General Diet Plans and Questions - When others do not accept your woe

09-03-2011, 12:58 PM
For a month now I have been Intermittent Fasting (explained here:, doing what comes naturally for me by eating one meal a day (dinner). Although this woe is controversial for some, this has been working great for me and my digestion, but has put off family and friends. Aside from moving my meal up an hour or two to accommodate an early dinner with others, I refuse to hand-hold or to eat more or outside the pattern that feels best for my body to accommodate others. However, I hate that uncomfortable feeling among them, content not eating, when they are. I easily provide lively conversation as always, but I am just not putting food into my mouth. I am already a long-time homeschooling parent, so I should be used to being an outcast by now! lol

I am guessing that I am not alone here regardless of the different woes practiced. How do you tactfully handle these situations and regain a comfortable tone in the room? I know that one cannot control others, but as I am a very social person, I really would like to rectify this if possible. :)

09-03-2011, 01:15 PM
I do have a tip for restaurants, if that is ever an issue. My friend has a corn allergy and cannot eat anything at restaurants, and sometimes she can't even be inside them. When we eat out, she orders an appetizer for the table as her order, acts like its her order, then just lets us eat it and I pay for it. That keeps the waitstaff off her case.
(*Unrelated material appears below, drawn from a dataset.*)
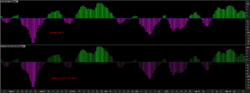 dynamic-color-scaling-in-technical-indicator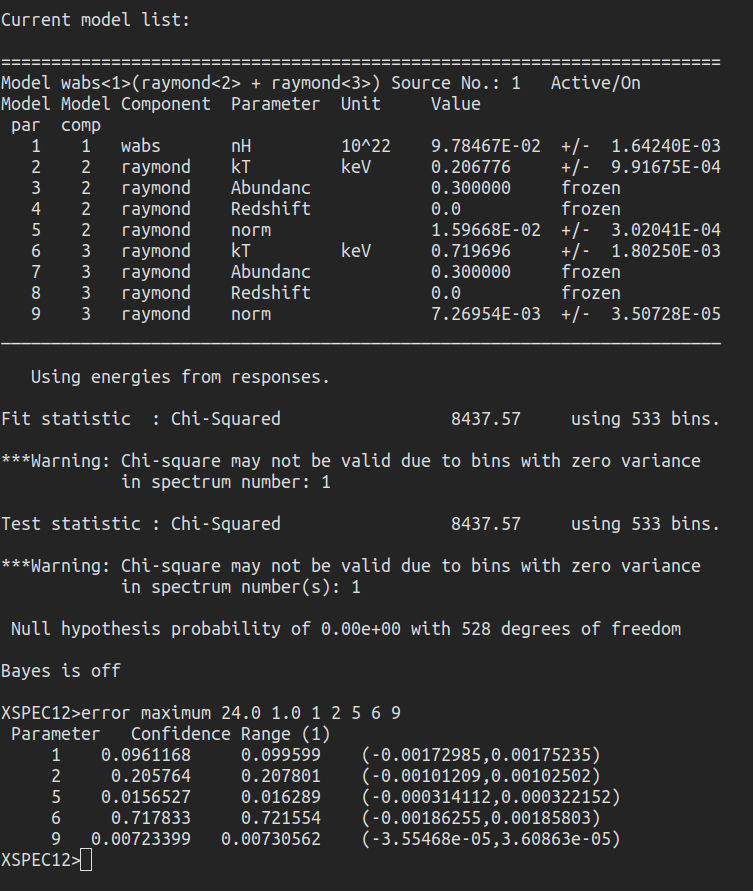 Fitted statistics of Xray spectrum of DEML71(Rim region)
As for your friends, sounds like they need some training. If training fails, maybe avoid them at mealtimes?

09-03-2011, 01:54 PM
Whenever your behavior is controversial (and even when it's not), it can be extremely difficult to avoid negative opinions (and neutral and positive ones as well). People tend to share their opinions, especially with friends and family.

Many people have been raised to feel uncomfortable eating when others aren't, or when their offers of food are refused. It's so ingrained, it might as well be genetic (and there's even some evidence that it might be). Most cultures, including ours have "hospitality" rules and taboos, which generally make people feel uncomfortable when someone is "refusing" to be hospitable by sharing a meal or accepting food.

You can mitigate the situation, but you can't entirely prevent it. Some people are going to be uncomfortable, if only because it's a foreign concept or experience. Others will have had legitimate and logical opposition to your behavior, and will want to share their opinions.

I have two tactics that work for me. They may appear to be polar opposites, and I use them with different crowds. With most people, I'm open and just am my usual outgoing, friendly, witty self. I refuse to take criticisms personally, and always assume the person has my best interest at heart, so I approach it as if we were discussing and disagreeing over a neutral topic like movies or art, or any other topic of interest. I can say "I understand why you think that, but I've been doing a lot of research and I've found.... blah blah blah.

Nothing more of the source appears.